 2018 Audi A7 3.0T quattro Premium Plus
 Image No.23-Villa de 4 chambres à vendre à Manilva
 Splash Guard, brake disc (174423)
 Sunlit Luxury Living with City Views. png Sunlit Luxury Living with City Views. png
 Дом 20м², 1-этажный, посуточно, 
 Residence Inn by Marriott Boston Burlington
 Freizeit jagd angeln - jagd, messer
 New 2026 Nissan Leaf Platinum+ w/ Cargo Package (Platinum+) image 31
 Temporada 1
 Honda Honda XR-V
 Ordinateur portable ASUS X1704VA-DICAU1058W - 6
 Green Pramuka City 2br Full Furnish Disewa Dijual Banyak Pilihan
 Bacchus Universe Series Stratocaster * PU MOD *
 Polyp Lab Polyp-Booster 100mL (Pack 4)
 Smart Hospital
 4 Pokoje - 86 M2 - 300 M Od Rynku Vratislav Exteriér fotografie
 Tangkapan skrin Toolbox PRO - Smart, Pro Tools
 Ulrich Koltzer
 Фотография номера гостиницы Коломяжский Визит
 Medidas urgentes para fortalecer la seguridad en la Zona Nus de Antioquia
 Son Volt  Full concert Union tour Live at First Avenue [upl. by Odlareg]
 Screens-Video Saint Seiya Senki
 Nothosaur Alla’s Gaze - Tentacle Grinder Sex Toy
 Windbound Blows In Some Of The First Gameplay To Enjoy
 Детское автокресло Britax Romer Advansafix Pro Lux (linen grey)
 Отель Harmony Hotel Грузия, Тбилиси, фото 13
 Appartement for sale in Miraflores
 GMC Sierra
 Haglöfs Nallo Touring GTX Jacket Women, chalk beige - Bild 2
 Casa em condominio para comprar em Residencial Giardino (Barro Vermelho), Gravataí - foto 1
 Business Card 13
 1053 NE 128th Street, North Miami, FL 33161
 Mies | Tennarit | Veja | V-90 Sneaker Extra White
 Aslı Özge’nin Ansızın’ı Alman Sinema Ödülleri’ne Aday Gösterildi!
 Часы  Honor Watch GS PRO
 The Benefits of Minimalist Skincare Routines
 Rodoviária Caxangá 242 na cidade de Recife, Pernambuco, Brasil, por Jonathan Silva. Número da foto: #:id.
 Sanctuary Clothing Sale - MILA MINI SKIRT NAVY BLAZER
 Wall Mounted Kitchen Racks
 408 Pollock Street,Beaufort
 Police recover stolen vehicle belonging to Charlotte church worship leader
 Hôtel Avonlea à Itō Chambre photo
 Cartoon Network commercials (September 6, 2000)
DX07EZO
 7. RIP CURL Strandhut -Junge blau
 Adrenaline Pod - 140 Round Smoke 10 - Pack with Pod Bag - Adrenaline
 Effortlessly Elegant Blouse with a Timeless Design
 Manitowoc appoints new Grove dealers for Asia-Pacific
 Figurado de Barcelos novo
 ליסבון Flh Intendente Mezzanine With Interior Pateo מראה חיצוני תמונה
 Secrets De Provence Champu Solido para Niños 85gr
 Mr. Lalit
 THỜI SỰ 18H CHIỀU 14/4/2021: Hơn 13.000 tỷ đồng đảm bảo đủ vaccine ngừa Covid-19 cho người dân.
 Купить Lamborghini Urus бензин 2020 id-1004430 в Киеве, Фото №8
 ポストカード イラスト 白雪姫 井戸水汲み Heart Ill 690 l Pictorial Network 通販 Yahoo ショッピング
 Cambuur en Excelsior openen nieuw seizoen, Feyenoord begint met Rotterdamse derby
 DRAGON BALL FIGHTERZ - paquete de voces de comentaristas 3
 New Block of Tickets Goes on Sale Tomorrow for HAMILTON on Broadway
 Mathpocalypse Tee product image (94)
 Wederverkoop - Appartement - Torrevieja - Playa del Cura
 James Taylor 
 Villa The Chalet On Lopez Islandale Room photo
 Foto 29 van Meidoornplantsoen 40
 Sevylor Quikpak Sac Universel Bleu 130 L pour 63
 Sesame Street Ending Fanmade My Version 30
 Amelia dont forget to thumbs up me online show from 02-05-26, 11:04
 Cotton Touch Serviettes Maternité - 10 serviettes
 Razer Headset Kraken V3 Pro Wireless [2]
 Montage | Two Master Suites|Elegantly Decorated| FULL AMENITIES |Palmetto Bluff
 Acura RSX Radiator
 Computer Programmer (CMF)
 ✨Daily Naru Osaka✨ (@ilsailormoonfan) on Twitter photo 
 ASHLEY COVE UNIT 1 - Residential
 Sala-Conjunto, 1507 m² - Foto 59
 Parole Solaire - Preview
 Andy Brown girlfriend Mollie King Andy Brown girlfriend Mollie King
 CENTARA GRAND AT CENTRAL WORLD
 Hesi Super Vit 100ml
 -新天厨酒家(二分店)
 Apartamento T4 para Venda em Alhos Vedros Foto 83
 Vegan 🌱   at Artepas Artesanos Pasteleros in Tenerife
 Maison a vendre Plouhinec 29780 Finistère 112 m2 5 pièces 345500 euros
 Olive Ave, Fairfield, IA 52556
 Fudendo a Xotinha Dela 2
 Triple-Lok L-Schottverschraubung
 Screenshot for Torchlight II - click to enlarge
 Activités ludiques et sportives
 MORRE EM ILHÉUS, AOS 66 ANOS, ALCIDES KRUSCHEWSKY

_Exercise_. Return solely the number of lines in the data that include the word "vendre".

_Exercise response_. 2